:: Recorded information ::
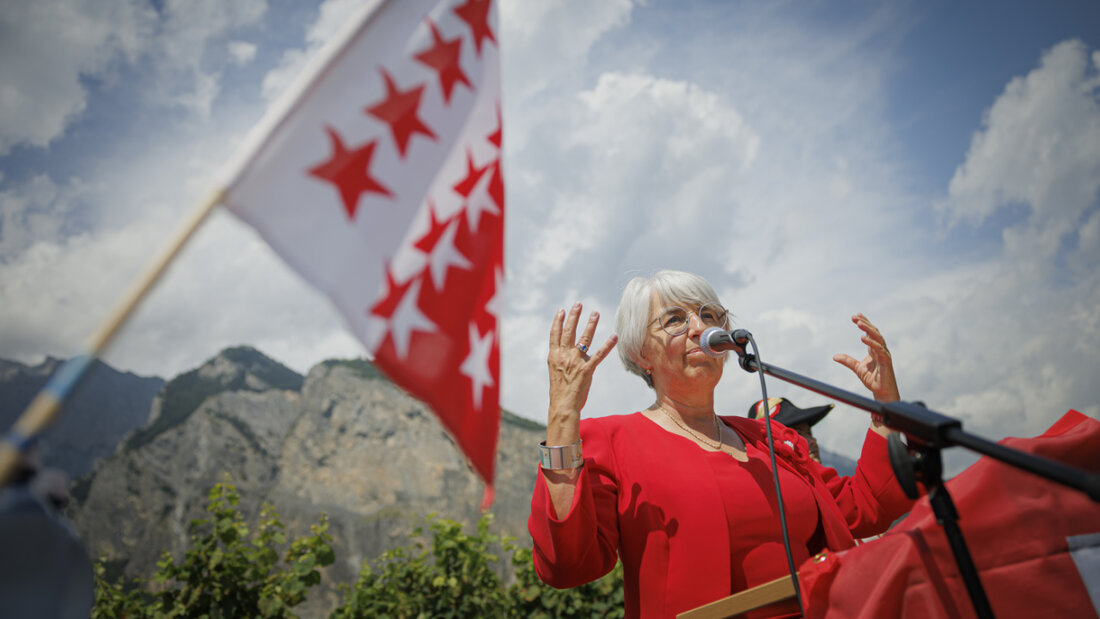 Bundesrätin Baume-Schneider sprach am Nationalfeiertag 2024 in Saint-Pierre-de-Clages VS. Einen Tag zuvor musste in Rorschach SG die Feier abgesagt werden. (Archivbild) 20250627084615841.jpg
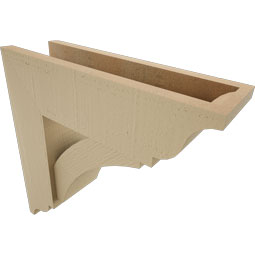 Ekena Millwork - BKTUR0554X18X18THR01RCPR - Timberthane Faux Wood Thorton Style Bracket w/ Offset Brace, Traditional Ends, 5 1/2"W x 18"D x 18"H, Primed Tan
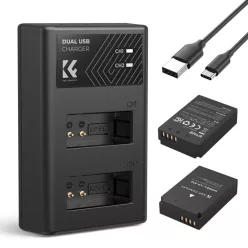   K&F Concept hordozható dupla USB-C akkumulátor LC-E12 töltő + 2db LP-E12 akkumulátor 1100mAh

:: Work order ::
Your reply should be the full data above, copied exactly, with no pictures in it.

:: Response box ::
 Bundesrätin Baume-Schneider sprach am Nationalfeiertag 2024 in Saint-Pierre-de-Clages VS. Einen Tag zuvor musste in Rorschach SG die Feier abgesagt werden. (Archivbild) 20250627084615841.jpg
 Ekena Millwork - BKTUR0554X18X18THR01RCPR - Timberthane Faux Wood Thorton Style Bracket w/ Offset Brace, Traditional Ends, 5 1/2"W x 18"D x 18"H, Primed Tan
   K&F Concept hordozható dupla USB-C akkumulátor LC-E12 töltő + 2db LP-E12 akkumulátor 1100mAh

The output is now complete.